We can now introduce algebra in order to find a common formula to find the stair total for a 3-step stair on a 10 by 10-number grid.
If this stair is stair ‘x’ then the numbers in the stair will be
(x) + (x+2) + (x+3) + (x+10) + (x+11) + (x+20) this can also be written as
6x + 44 = stair total.
Using stair 7 we are now going to use my formula to find out its stair total and see if my formula is correct. x is equal to 7 as 7 is the number in the bottom left hand corner of stair7 and x is the number in the bottom left hand corner of stair x. .
6x + 44 = stair total
(6 x 7) + 44 = 86
So my formula says that the stair total of this stair is 86.
Now we can test this.
7 + 8 + 9 + 17 + 18 + 27 = 86
This is true. Therefore we can now say that the general formula for any 3-step stair on a 10 by 10-number grid is 6x + 44 = stair total. .
We are now going to investigate further the relationship between stair totals and other step stairs on other number grids.
The numbers inside the stair and the formula for finding the stair total varies depending on the grid size:
For a 10 by 10 Grid:!
But for a 9 by 9 Grid:
We can see that the formula for a 9 by 9 grid is 6x + 40 = stair total. This is 4 less than the formula for the 10 by 10 grid.

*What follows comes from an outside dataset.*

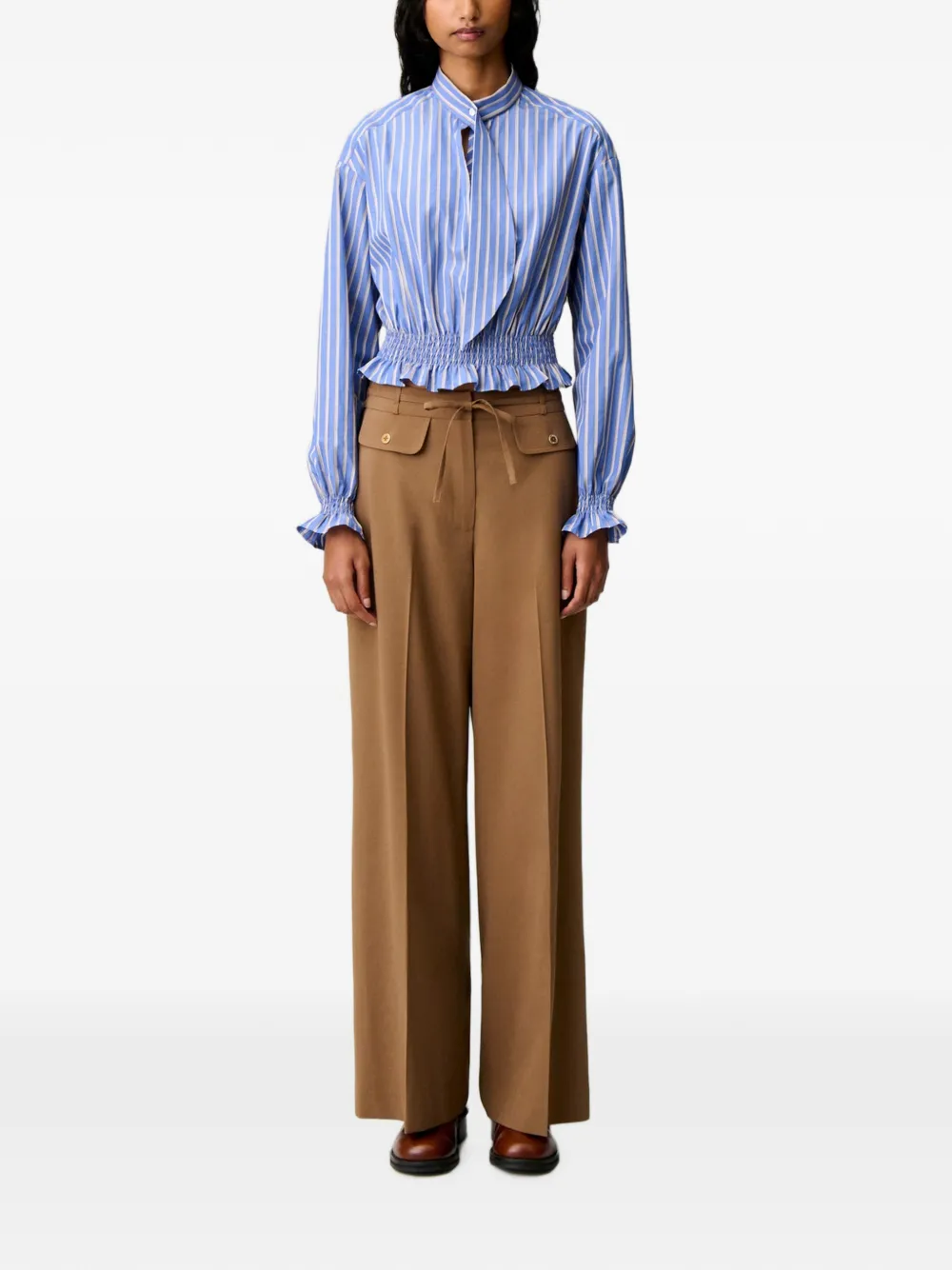 Claudie Pierlot Gestreepte popeline top met gestrikte hals Blauw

In order to prove this I will use stair 20 on a 9 by 9 grid.
6x + 40 = stair total
(6 x 20) + 40 = 160.
20 + 21 + 22 + 29 + 30 + 38 = 160
I can therefore conclude that the general equation for a 3-step stair on a 9 by 9 number grid is 6x + 40 = stair total where x is the number in the bottom left hand corner of the stair shape.
We can now say that in order to find the equation for an 11 by 11-number grid all we have to do is add 4 to the equation of a 10 by 10 grid. If we do this then the equation will be 6x + 48 = stair total.
I am now going to check this equation with stair 12 on an 11 by 11 number grid.
6x + 48 = stair total
(6 x 12) + 48 = 120
12 + 13 + 14 + 23 + 24 + 34 = 120 o9xuE
This is true so I conclude that the stair total for any 3-step stair on an 11 by 11 number grid is 6x + 48= stair total.
We can now say that every time you increase the size of the grid by one (going from a 9by9 number grid to a 10by10 number grid) you have to add four more to the equation. Therefore if you decrease the size of the grid by one you must also decrease the equation by 4.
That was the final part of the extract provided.